91998E4053

QUESTION ECRITE no 4053/98 de Nelly MAES Utilisation abusive de l'aide humanitaire accordée à des pays en guerre

Journal officiel n° C 325 du 12/11/1999 p. 0050


QUESTION ÉCRITE E-4053/98

posée par Nelly Maes (V) à la Commission

(13 janvier 1999)

Objet: Utilisation abusive de l'aide humanitaire accordée à des pays en guerre

Le 18 septembre 1998, le Président de la Commission indiquait que l'Union européenne devait revoir l'aide accordée à des pays en guerre et refuser d'octroyer une aide financière dès lors que cette aide est utilisée à des fins de belligérance. Il paraît que la Commission aurait lancé une enquête interne pour mettre au jour d'éventuels détournements des aides européennes et déterminer les sanctions à prendre contre de telles pratiques.

1. À quel résultat cette enquête interne a-t-elle abouti?

2. Quelles mesures la Commission a-t-elle prises depuis septembre 1998 en ce qui concerne la révision de la réglementation relative à l'octroi d'aides financières à des pays en guerre? De quelle manière serait-il possible de sanctionner des pays dès lors qu'il est établi que des aides européennes ont été utilisées à des fins de belligérance?

Réponse donnée par M. Pinheiro au nom de la Commission

(24 mars 1999)

Par son message, la Commission a tenu à exprimer sa forte préoccupation devant l'extension du conflit en République démocratique du Congo, une dizaine de pays étant impliqués directement ou indirectement dans une guerre de dimension régionale.

Il ne s'agit pas seulement d'une analyse des risques de détournement des aides, ni d'une enquête interne, mais du passage en revue de la situation des pays impliqués dans des conflits armés en raison du risque d'une grave déstabilisation et d'un désastre humanitaire, ainsi que celui de l'anéantissement d'années d'effort pour une politique de développement économique, social, et humain, établie en commun entre la Communauté et les pays d'Afrique, des Caraïbes et du Pacifique (ACP). Il s'agit d'une interrogation légitime que ne manquera pas de reprendre l'opinion publique européenne qui ne comprendrait pas que l'on continue à octroyer des aides à des pays pauvres, aides dont ils ont besoin, alors que ces mêmes pays utilisent une partie de leurs propres ressources pour régler par des moyens militaires des contentieux politiques et territoriaux.

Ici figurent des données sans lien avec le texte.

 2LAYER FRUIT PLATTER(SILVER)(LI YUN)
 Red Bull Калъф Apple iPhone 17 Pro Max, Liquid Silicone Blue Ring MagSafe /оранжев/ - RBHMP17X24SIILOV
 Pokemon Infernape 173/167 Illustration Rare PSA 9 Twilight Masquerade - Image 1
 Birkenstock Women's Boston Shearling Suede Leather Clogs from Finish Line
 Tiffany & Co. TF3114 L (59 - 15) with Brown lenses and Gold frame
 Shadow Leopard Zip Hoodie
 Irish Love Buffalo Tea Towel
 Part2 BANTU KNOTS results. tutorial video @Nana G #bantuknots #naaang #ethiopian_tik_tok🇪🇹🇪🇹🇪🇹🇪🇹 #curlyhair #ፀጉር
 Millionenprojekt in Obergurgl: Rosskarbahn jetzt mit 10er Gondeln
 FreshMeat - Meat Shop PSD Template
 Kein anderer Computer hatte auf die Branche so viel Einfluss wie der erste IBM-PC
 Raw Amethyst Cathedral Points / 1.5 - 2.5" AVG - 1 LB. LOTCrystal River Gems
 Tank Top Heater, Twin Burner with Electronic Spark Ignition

Si le débat, déjà porté au niveau des États membres, devra aussi l'être au niveau de la communauté internationale dans son ensemble, la Commission a d'ores et déjà pris les mesures. Dans tout nouvel accord d'aide budgétaire à un pays ACP impliqué dans un conflit armé, des clauses ont été introduites qui prévoient un déboursement en tranches, et un contrôle rigoureux de l'utilisation des fonds mis à disposition avant le déboursement de chaque nouvelle tranche. Toute convention de financement concernant une aide budgétaire envoyée à un pays impliqué dans un conflit armé, est accompagnée d'une lettre de la Commission au chef d'État du pays concerné, expliquant les mesures précitées et exprimant l'inquiétude de la Commission sur le conflit en question, et exhortant le gouvernement de chercher sans tarder une solution négociée au conflit.

Quant à l'aide humanitaire, celle-ci ne fait l'objet d'aucun accord préalable signé ni de convention de financement avec le pays bénéficiaire. La mise en oeuvre des actions est confiée aux partenaires (organisations non gouvernementales ou agences des Nations unies). Rappelons, dans ce contexte, que dans de nombreuses régions affectées par les conflits, l'accès des organisations humanitaires aux victimes est volontairement restreint par les belligérants qui outre la poursuite d'objectifs militaires, se livrent systématiquement à la violation des droits de l'homme, parfois sous des motifs de nettoyage ethnique. Ainsi la Commission s'est vu confrontée en 1998 à la difficulté croissante de pouvoir préserver l'espace humanitaire que ce soit au Soudan, en Afrique Centrale ou en Afghanistan, tout en gardant une approche fondée sur la dénonciation des violations des droits de l'homme et du droit humanitaire.